Mainly driven by compelling evidence supporting the importance of sustained androgen receptor (AR) signaling in CRPC, new AR-targeting therapies have been developed to treat mCRPC patients. It is an established concept that AR signaling remains a key driver of mCRPC.6,7 Under castrate levels of circulating androgens, AR signaling is primarily sustained by non-gonadal androgens as well as overexpression of the AR protein. This conceptual framework was corroborated by findings from early genome-wide studies8 and has directly contributed to the successful clinical development of CRPC therapies designed to further suppress ligand synthesis (abiraterone)9,10 or block the AR in the setting of AR overexpression (enzalutamide).11,12 Abiraterone and enzalutamide have been approved by the FDA to treat metastatic CRPC (mCRPC) on the basis of survival benefit, with or without prior treatment with chemotherapy.9,10,11,12

Abiraterone is a selective CYP17A1 inhibitor that effectively ablates both circulating (including adrenal-derived) and intra-tumor androgen levels.13,14,15 Enzalutamide is an AR antagonist that potently suppresses AR signaling due to its high-affinity binding to ARs.16,17 These two drugs have expanded the management options for patients with mCRPC and improved the disease outcome;18,19 indeed, they have rapidly changed the clinical landscape of prostate cancer treatment.

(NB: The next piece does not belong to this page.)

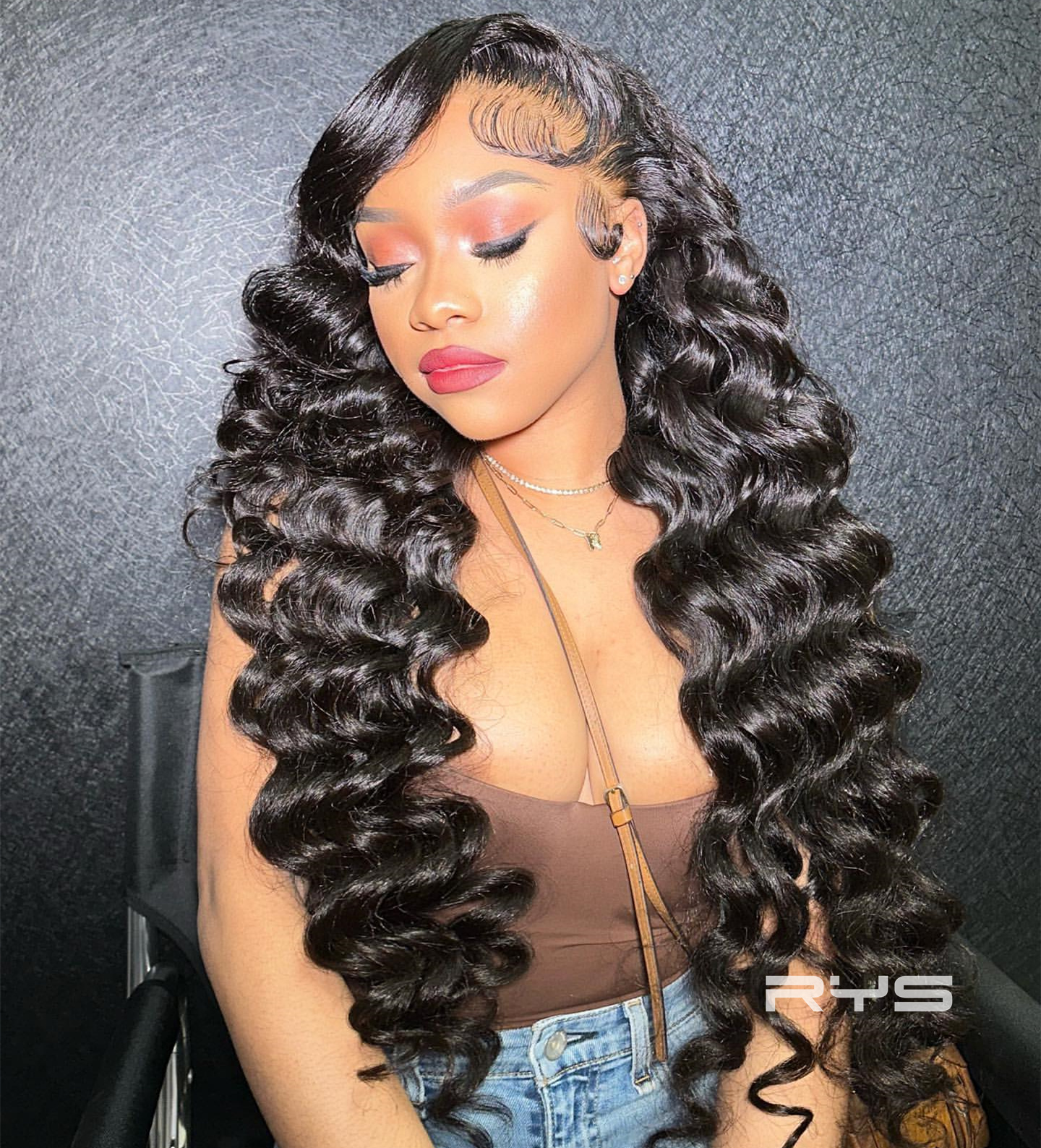 10″ – 40″ Natural Black Color Loose Deep Wave Human Hair Lace Front Wig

Multiple ongoing clinical trials are likely to lead to broader indications for their use earlier in disease chronology.20 However, a significant subset of CRPC patients demonstrate primary resistance to the two agents, and nearly all treated patients eventually develop acquired resistance during the course of therapy.9,10,11,12,16,21 Although there is a clear clinical benefit of knowing whether the patient is resistant before therapy is given, no biomarker is currently available to indicate primary or acquired resistance for treatment selection.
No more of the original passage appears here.